_AVAILABLE DATA_.
★ ★ ★ ★ ★ ★ ★
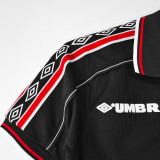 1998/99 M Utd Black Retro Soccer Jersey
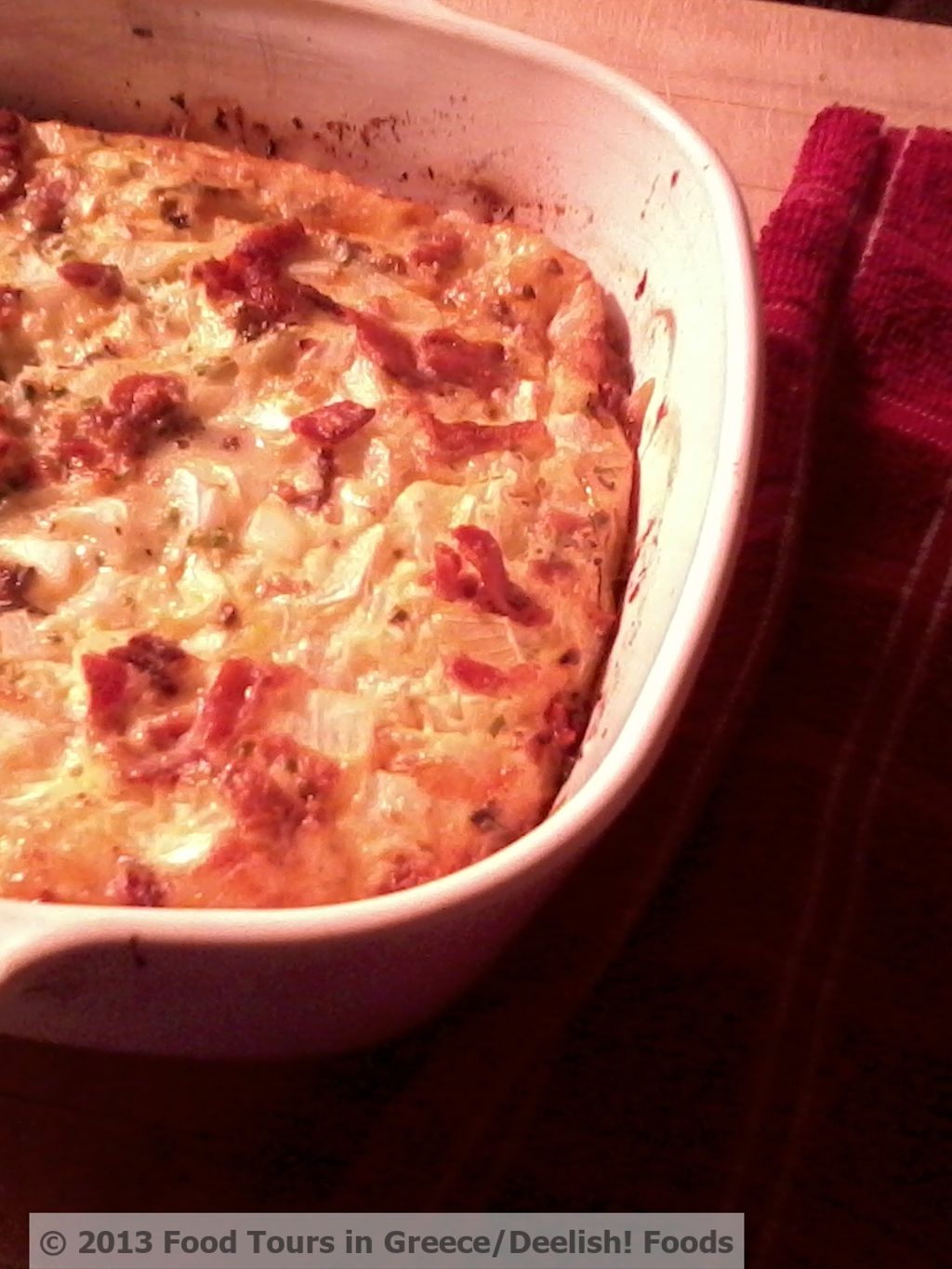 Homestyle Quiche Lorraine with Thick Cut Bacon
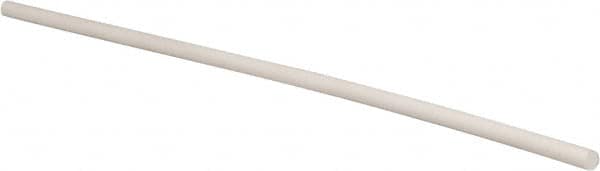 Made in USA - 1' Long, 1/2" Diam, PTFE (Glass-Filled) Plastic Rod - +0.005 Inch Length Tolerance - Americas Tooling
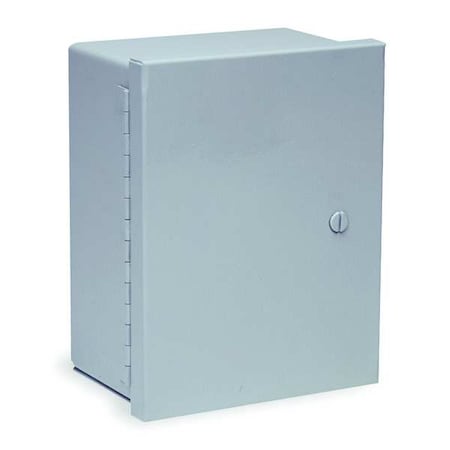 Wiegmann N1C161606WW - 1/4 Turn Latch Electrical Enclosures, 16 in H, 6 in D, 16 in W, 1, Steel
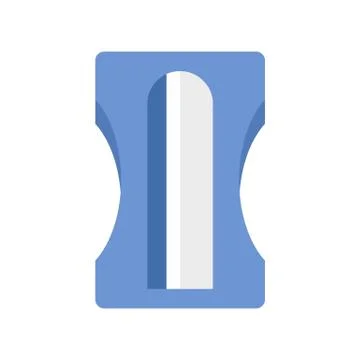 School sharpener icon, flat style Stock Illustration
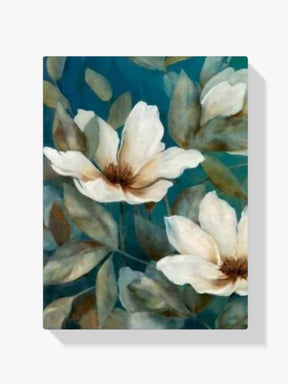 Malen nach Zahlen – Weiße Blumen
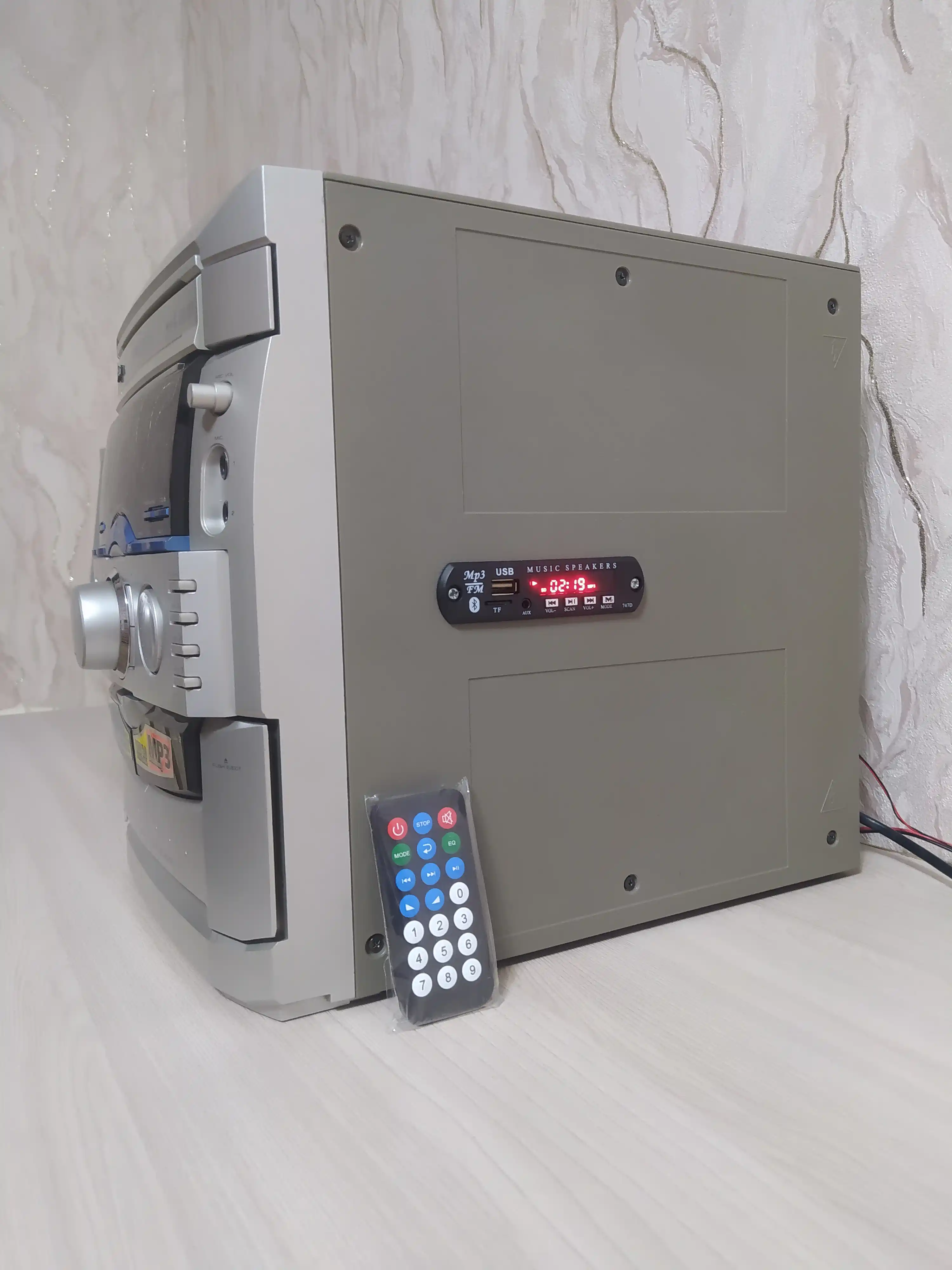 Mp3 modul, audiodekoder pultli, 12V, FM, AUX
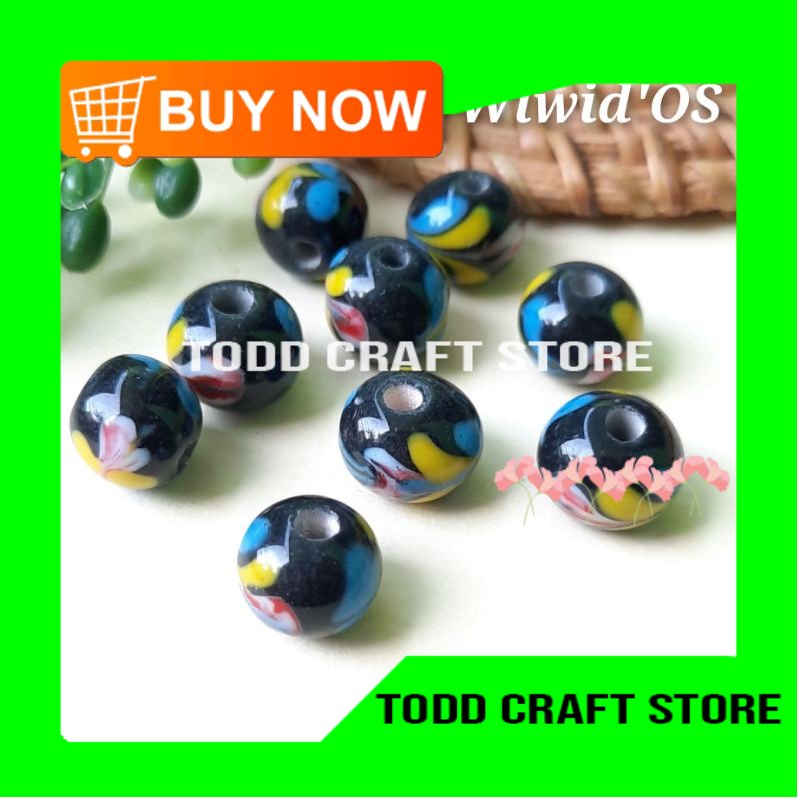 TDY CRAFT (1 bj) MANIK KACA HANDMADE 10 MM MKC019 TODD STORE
★ ★ ★ ★ ★ ★ ★
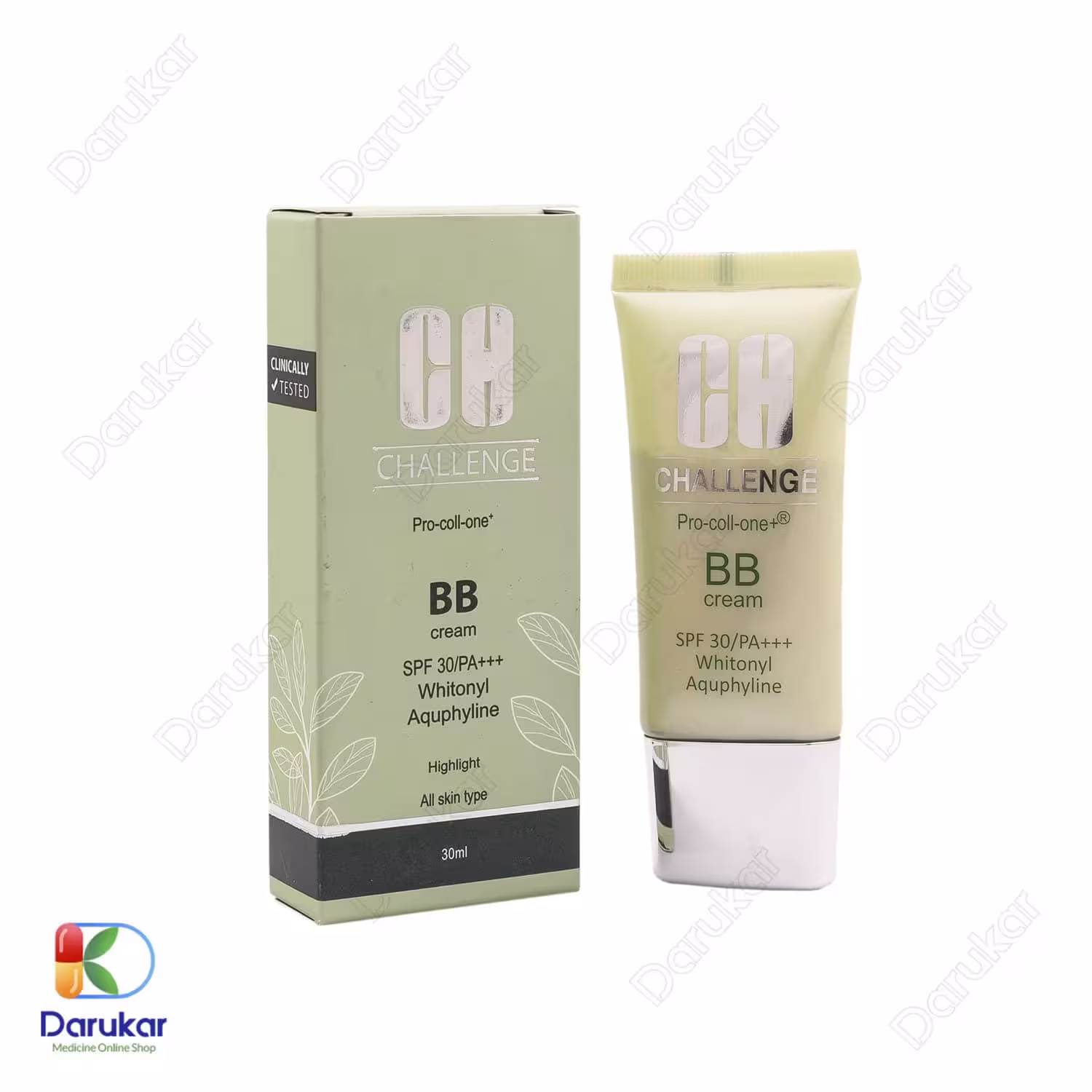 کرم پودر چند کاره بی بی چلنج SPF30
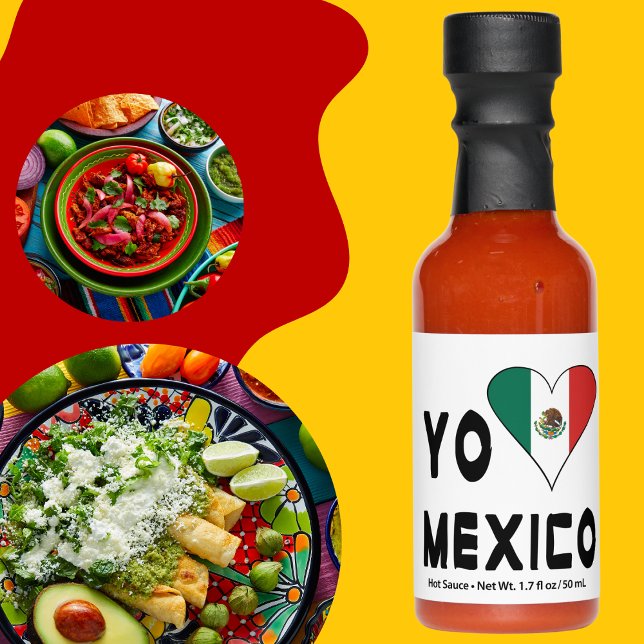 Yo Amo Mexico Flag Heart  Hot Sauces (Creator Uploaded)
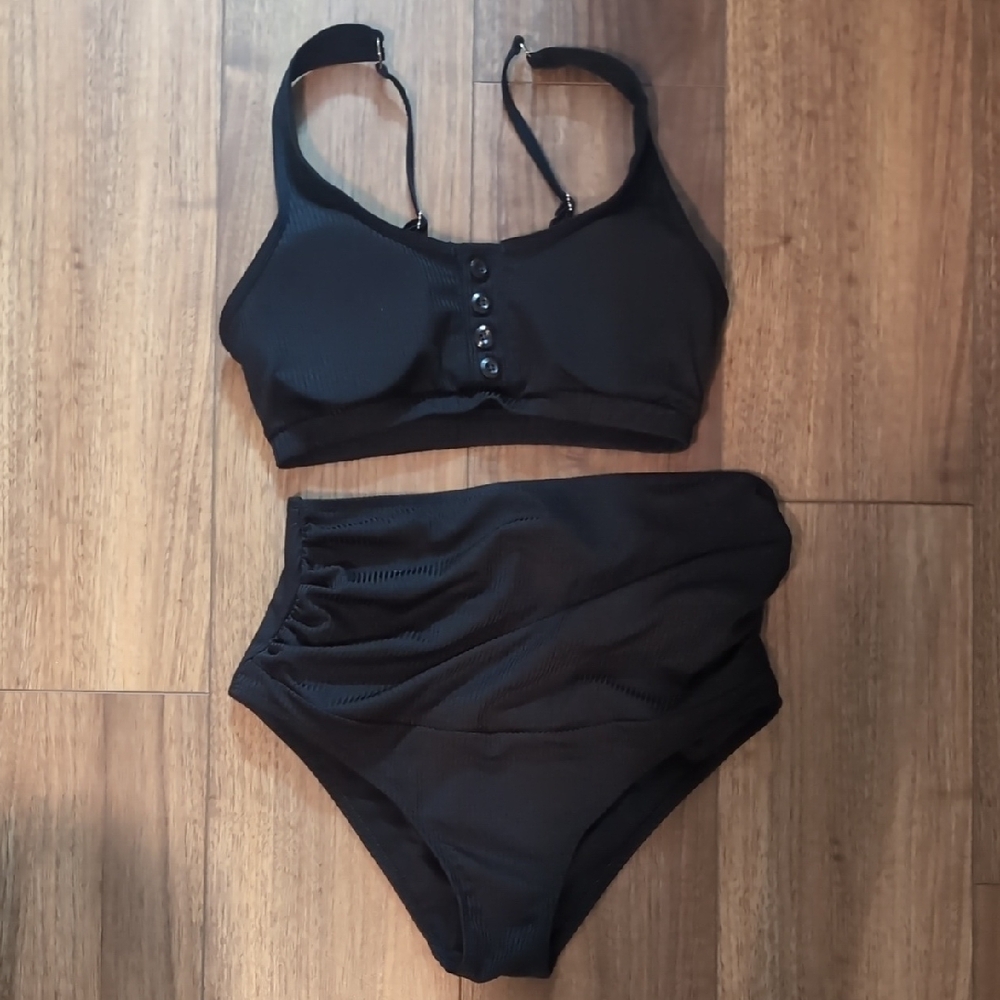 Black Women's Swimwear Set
★ ★ ★ ★ ★ ★ ★
_EXERCISE DESCRIPTION_. Look back over the records above. Reproduce exactly everything from the line with "Homestyle Quiche Lorraine" down to the line with "Made in USA", inclusive, and leave the pictures out.

_RESPONSE TO THE EXERCISE_.
 Homestyle Quiche Lorraine with Thick Cut Bacon
 Made in USA - 1' Long, 1/2" Diam, PTFE (Glass-Filled) Plastic Rod - +0.005 Inch Length Tolerance - Americas Tooling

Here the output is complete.